Hoy me despierto con la noticia en prensa: «Agreden a un profesor en pleno patio del IES Fuensanta», titula ABC; «El hermano de una alumna amenaza y golpea a un profesor», titula el Diario Córdoba de 15 de junio de 2012. Al parecer, el único motivo que había dado este profesor fue impedir la entrada a clase de una alumna absentista. Los hechos resultan coincidentes en los dos medios: el agresor saltó la valla para «colarse» en el Instituto. Dio una patada al profesor para llamar su atención. «Está claro que quería armar jaleo porque si no, se hubiera dirigido a mí en la calle», dice del profesor agredido. Le preguntó si sabía quién era él, si tenía algo contra su hermana, lo amenazó con una navaja y le propino un puñetazo en la cara cuyas huellas de vergüenza pueden aún apreciarse en el rostro fotografiado en Diario Córdoba.
Sé que los moratones desaparecerán del rostro de Antonio, lo que no sé es si la humillación llegará algún día a desaparecer de su alma. Antonio no respondió la agresión. Se dio la vuelta «…porque soy un profesor y se supone que no puedo entrar al trapo sino dar ejemplo».

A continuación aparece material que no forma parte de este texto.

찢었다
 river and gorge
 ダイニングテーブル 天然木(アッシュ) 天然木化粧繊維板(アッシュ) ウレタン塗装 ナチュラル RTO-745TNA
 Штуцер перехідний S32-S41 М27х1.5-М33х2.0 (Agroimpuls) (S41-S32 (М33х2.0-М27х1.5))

Quizá lo grave no sea el hecho en sí, sino las circunstancias y el entorno que propician este tipo de actuaciones. En el relato leemos cómo mientras se producía la agresión un coro de alumnos rodeaban el incidente jaleando la violencia al grito de «mátalo, mátalo». No sé si además veremos el incidente convertido en espectáculo esperpéntico en Youtube o algo parecido grabado con algún móvil de última generación que familias, que no pueden permitirse comprar libros de texto, regalan a sus hijos para que estén en la onda.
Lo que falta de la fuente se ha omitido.